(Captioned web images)
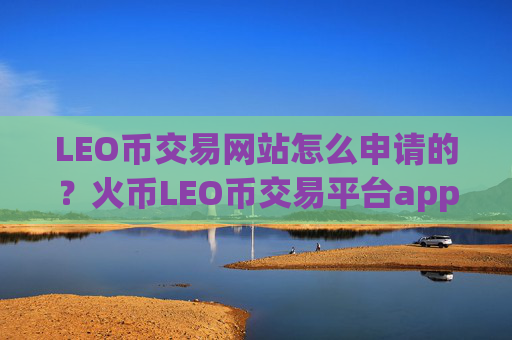 LEO币交易网站怎么申请的？火币LEO币交易平台app官网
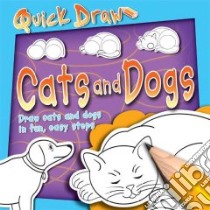 Quick Draw Cats and Dogs libro in lingua di Not Available (NA)
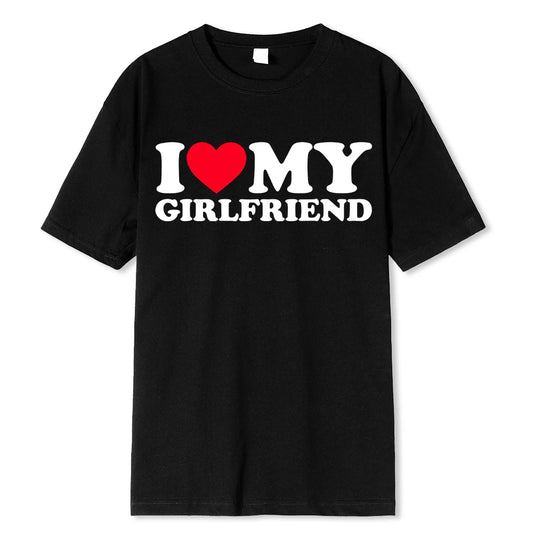 I LOVE MY GIRLFRIEND T-SHIRT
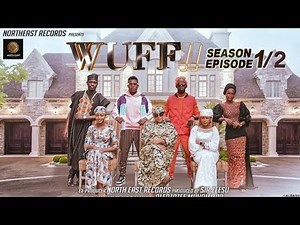 ( WUFF!! Episode 1&2 ) Ali Nuhu Abdul M Shareef Lilin Baba Azima Gidan Badamasi Najmar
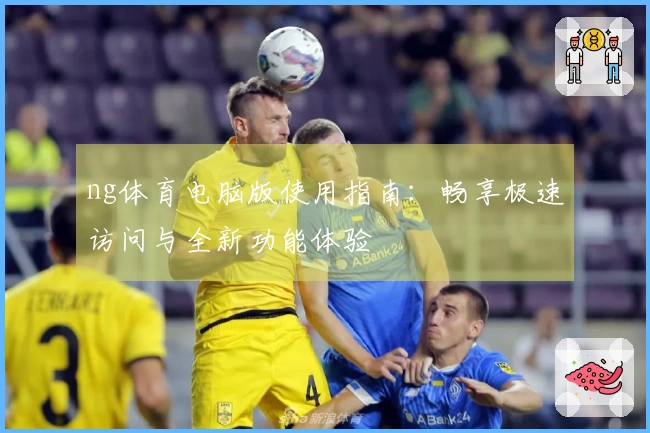 ng体育电脑版使用指南：畅享极速访问与全新功能体验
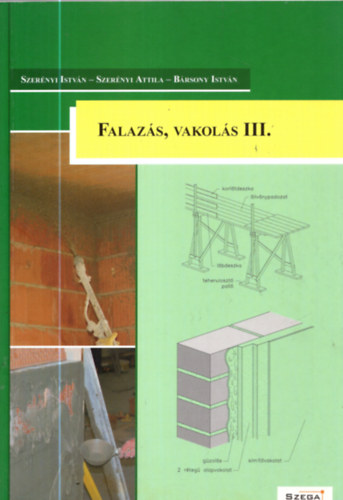 Szer�nyi Attila, Szer�nyi Istv�n, B�rsony Istv�n - Falaz�s, vakol�s III.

The task: Output every line above exactly as it stands, and drop any picture.

Written response:
 LEO币交易网站怎么申请的？火币LEO币交易平台app官网
 Quick Draw Cats and Dogs libro in lingua di Not Available (NA)
 I LOVE MY GIRLFRIEND T-SHIRT
 ( WUFF!! Episode 1&2 ) Ali Nuhu Abdul M Shareef Lilin Baba Azima Gidan Badamasi Najmar
 ng体育电脑版使用指南：畅享极速访问与全新功能体验
 Szer�nyi Attila, Szer�nyi Istv�n, B�rsony Istv�n - Falaz�s, vakol�s III.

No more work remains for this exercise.